_Exercise aim_.
Without including any pictures, copy each entry below exactly.

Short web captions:
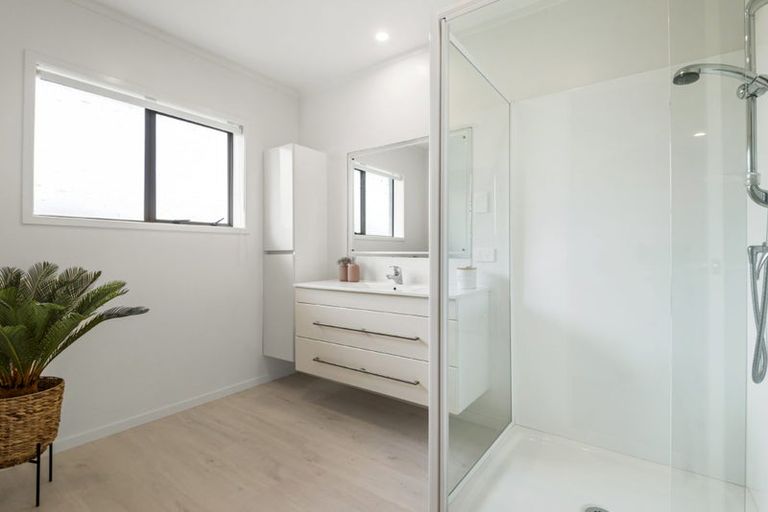 Photo of property in 1/27 Knightsbridge Drive, Forrest Hill, Auckland, 0620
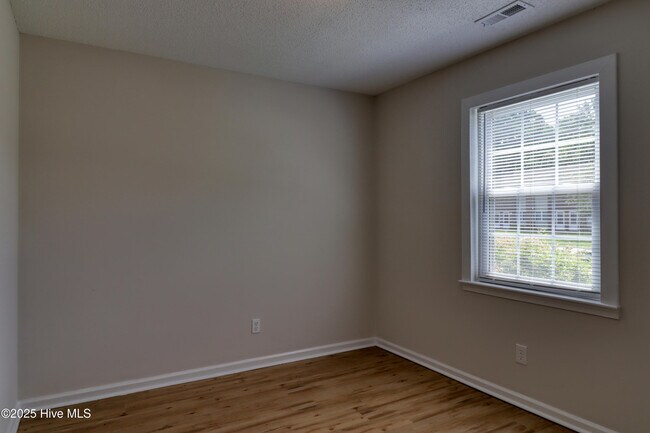 Building Photo - 2314 Indian Dr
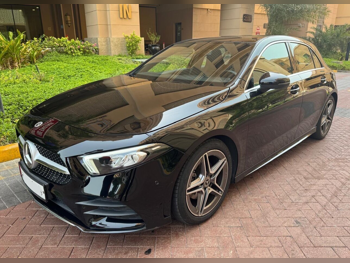 Mercedes-Benz  A-Class  200  2021  Automatic  34,000 Km  4 Cylinder  Front Wheel Drive (FWD)  Hatchback  Black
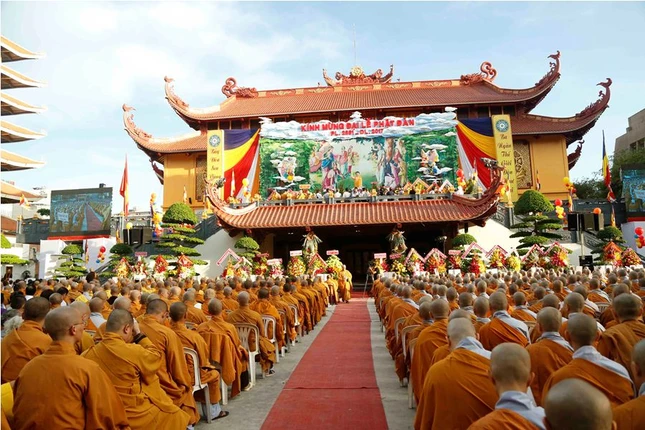 Chùm ảnh Đại lễ Phật đản tại Việt Nam Quốc Tự ảnh 5 _MG_9476.JPG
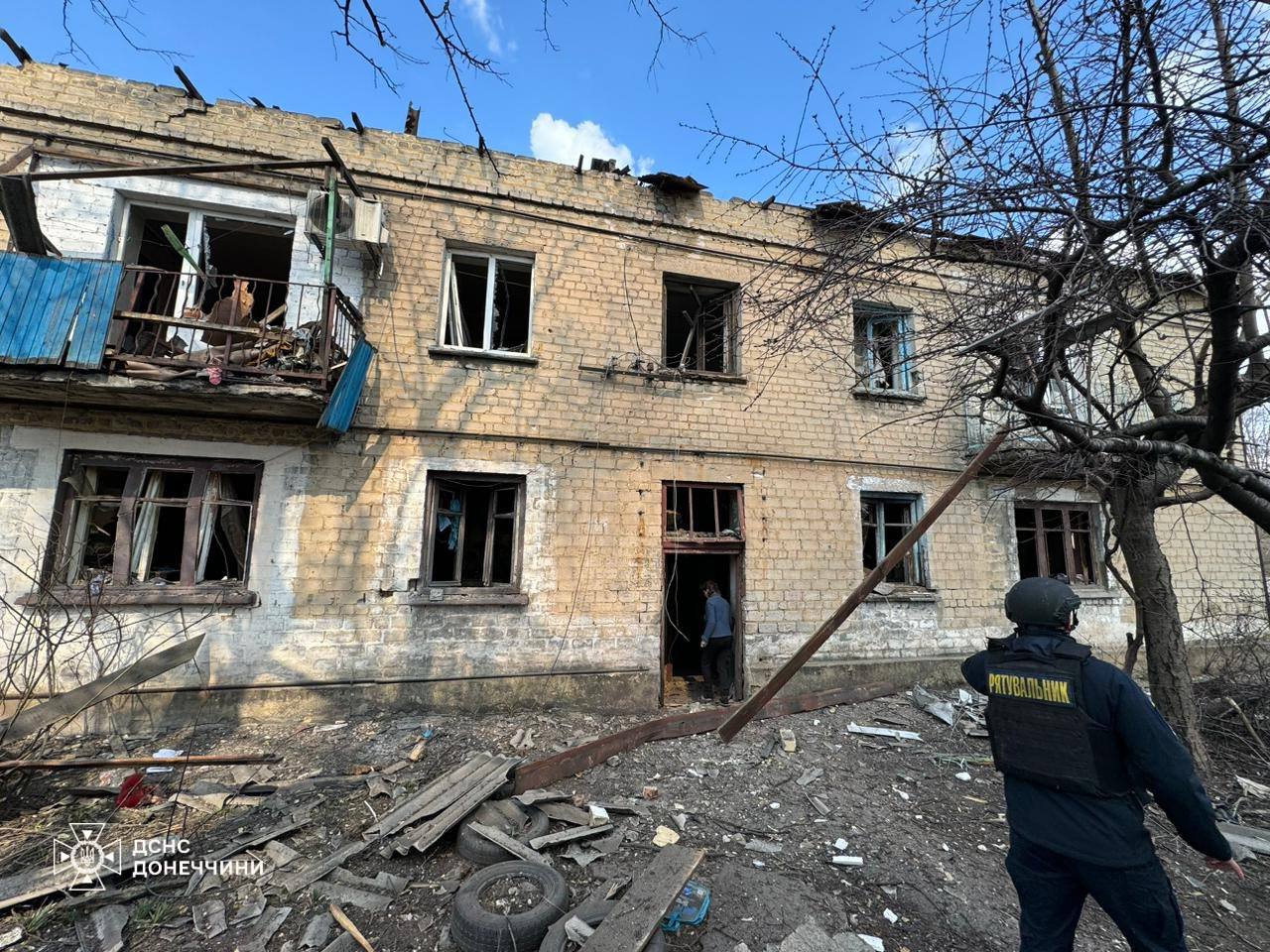 Russian attacks on Nikopol, Donetsk Oblast kill man, injure 3 civilians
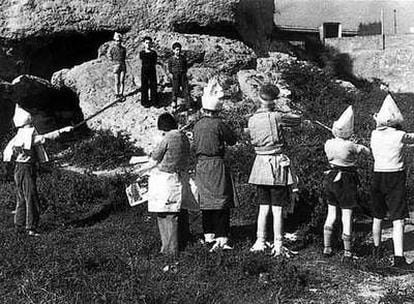 Niños jugando a fusilar durante la Guerra Civil española.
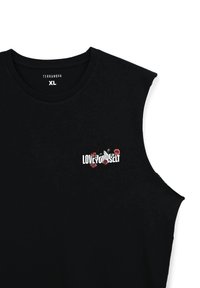 Czarna, bezrękawnikowa koszulka z miękkiego materiału, z białym nadrukiem tekstu "KOCHAJ SIEBIE" z czerwonymi i zielonymi kwiatowymi akcentami na klatce piersiowej.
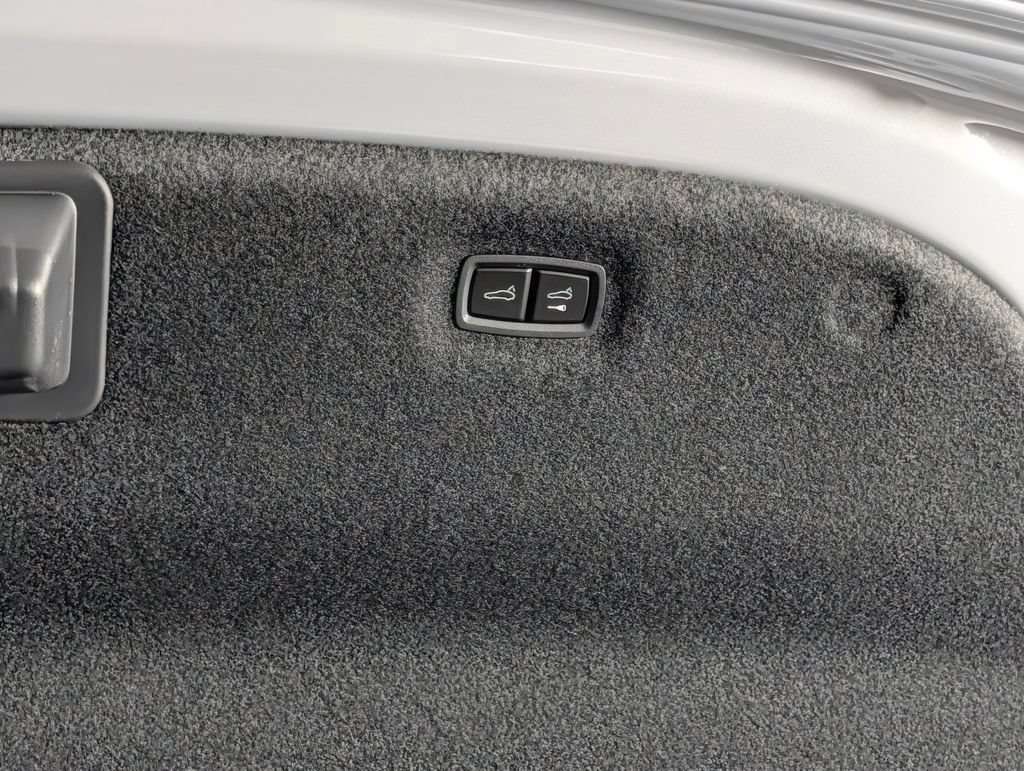 New 2026 Porsche Taycan AWD/4WD image 18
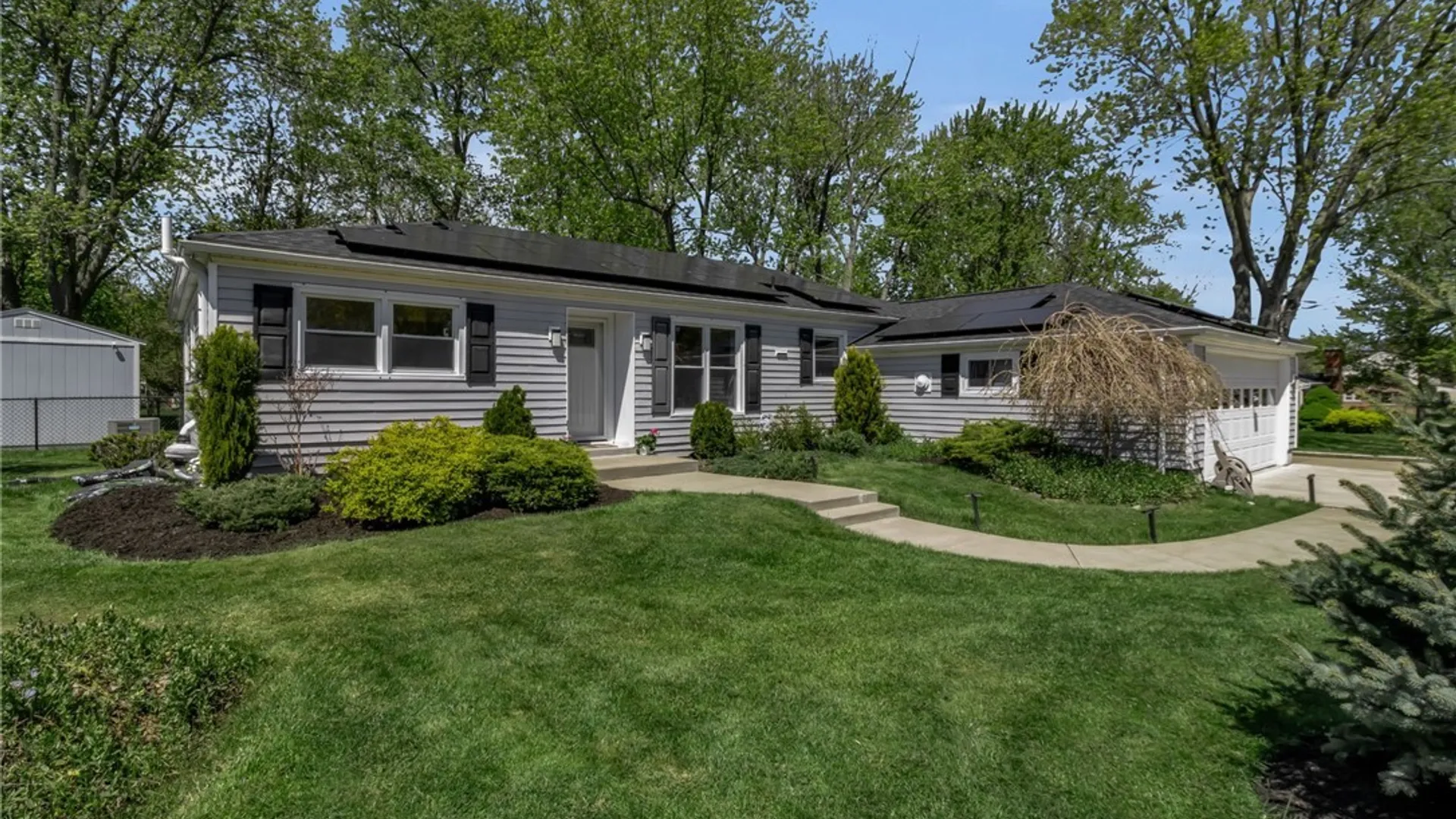 Property at 126 Country Parkway, Amherst, NY 14221 3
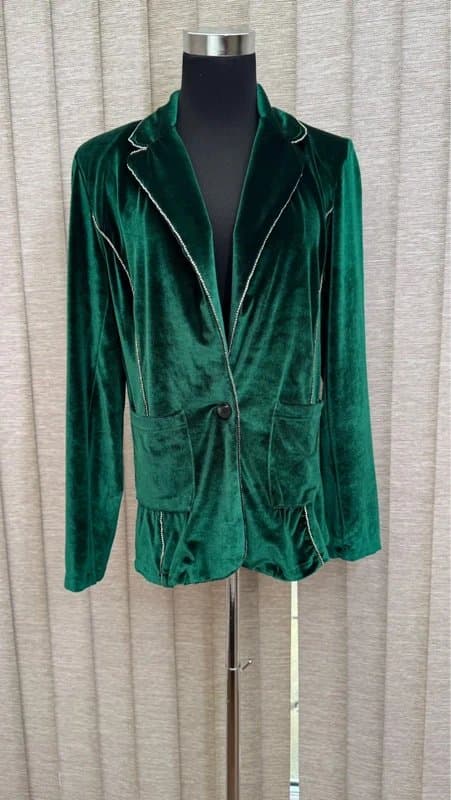 Dusty Daze Dusty Daze green velvet blazer rhinestone trim size M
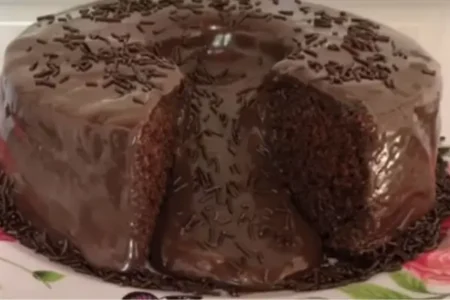 Trovão de Chocolate: Bolo Vulcão com Recheio Cremoso!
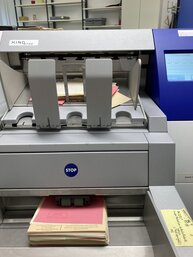 Ein Stapel Belegzettel auf einem Scanner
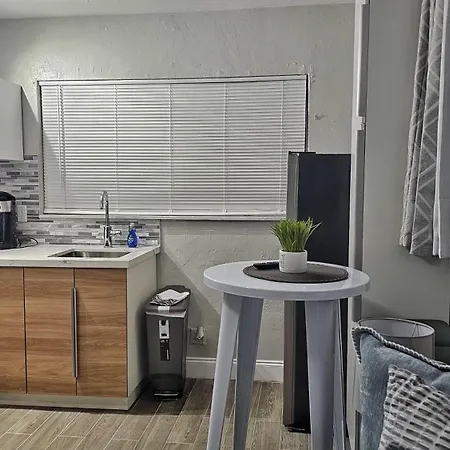 Cute Renovated Studio 4 Miles From Hard Rock Hotel Hollywood Exterior photo
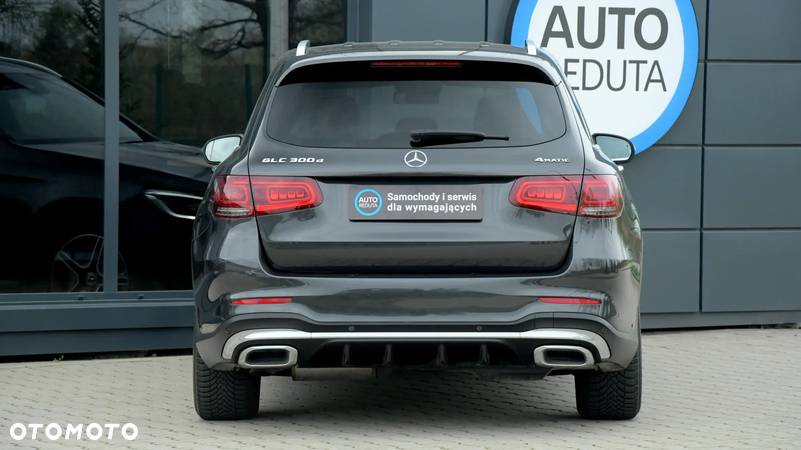 Mercedes-Benz GLC 300 d 4-Matic - 7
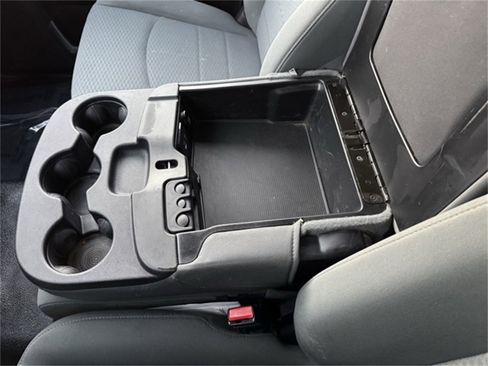 Used 2017 RAM 3500 Tradesman w/ Power & Remote Entry Group image 15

_The answer_.
 Photo of property in 1/27 Knightsbridge Drive, Forrest Hill, Auckland, 0620
 Building Photo - 2314 Indian Dr
 Mercedes-Benz  A-Class  200  2021  Automatic  34,000 Km  4 Cylinder  Front Wheel Drive (FWD)  Hatchback  Black
 Chùm ảnh Đại lễ Phật đản tại Việt Nam Quốc Tự ảnh 5 _MG_9476.JPG
 Russian attacks on Nikopol, Donetsk Oblast kill man, injure 3 civilians
 Niños jugando a fusilar durante la Guerra Civil española.
 Czarna, bezrękawnikowa koszulka z miękkiego materiału, z białym nadrukiem tekstu "KOCHAJ SIEBIE" z czerwonymi i zielonymi kwiatowymi akcentami na klatce piersiowej.
 New 2026 Porsche Taycan AWD/4WD image 18
 Property at 126 Country Parkway, Amherst, NY 14221 3
 Dusty Daze Dusty Daze green velvet blazer rhinestone trim size M
 Trovão de Chocolate: Bolo Vulcão com Recheio Cremoso!
 Ein Stapel Belegzettel auf einem Scanner
 Cute Renovated Studio 4 Miles From Hard Rock Hotel Hollywood Exterior photo
 Mercedes-Benz GLC 300 d 4-Matic - 7
 Used 2017 RAM 3500 Tradesman w/ Power & Remote Entry Group image 15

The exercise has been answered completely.